The Story of the American Flag Through Stamps

Promoting a National Flag Day

37-cent 1893 Silk Bookmark stamp
This stamp highlights a photograph of a brightly colored silk bookmark woven as a souvenir for the World's Columbian Exposition in Chicago in 1893, the same year as the Flag Day exercises in Philadelphia.

Across the country, others began advocating and planning Flag Day celebrations throughout the 1890s. On June 14, 1889, George Balch, a kindergarten teacher in New York City, planned patriotic activities for his students. The New York State Board of Education later adopted his observance of Flag Day statewide. In 1891, the Betsy Ross House in Philadelphia held a Flag Day celebration.
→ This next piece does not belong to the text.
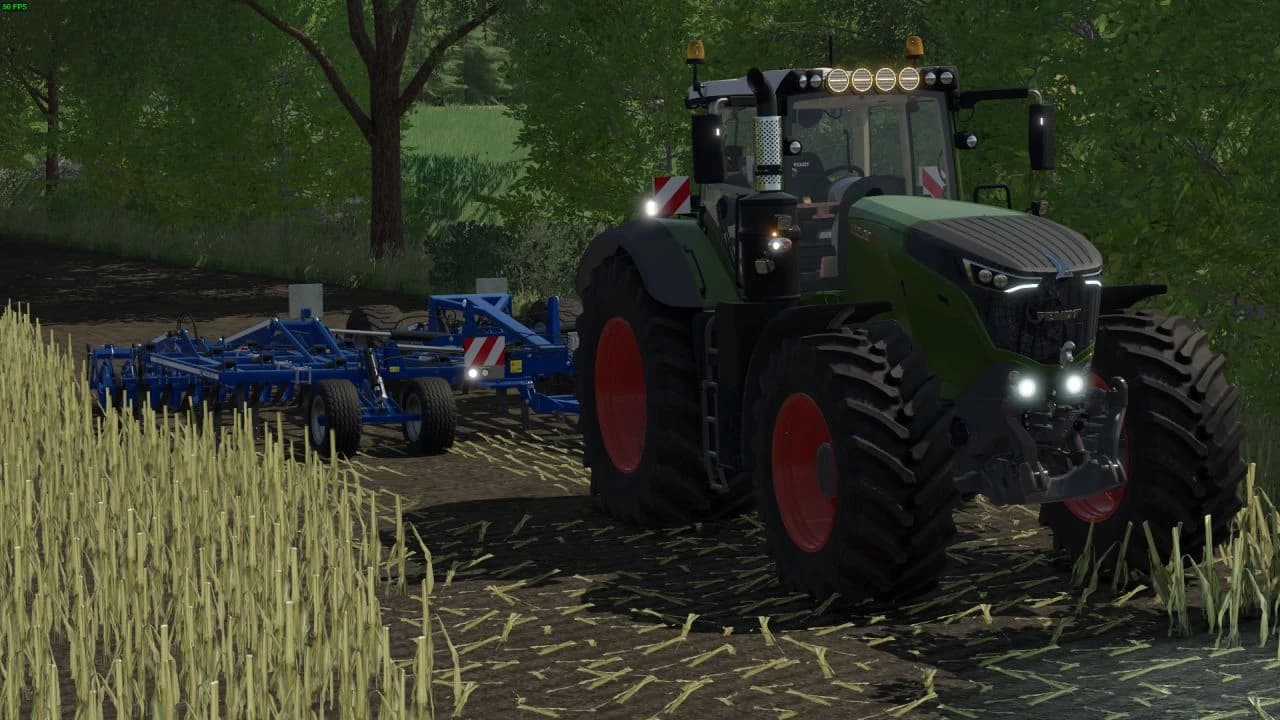 FENDT 1000 SERIES (GEN 2 S4)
Following the suggestion of Colonel J. Granville Leach, the historian of the Pennsylvania Society of the Sons of the Revolution, the Pennsylvania Society of Colonial Dames of America adopted a resolution in 1893 urging the mayor of Philadelphia, all others in authority, and all private citizens to display the American flag on June 14th. The Board of Managers of the Pennsylvania Society of Sons of the Revolution unanimously endorsed the action of the Colonial Dames. Colonel Leach also recommended that the day be thereafter known as Flag Day. As a result, Dr. Edward Brooks, Superintendent of Public Schools of Philadelphia, declared that Flag Day exercises would be held on June 14, 1893, in Independence Square. On that day, school children assembled for appropriate exercises and each child received a small flag.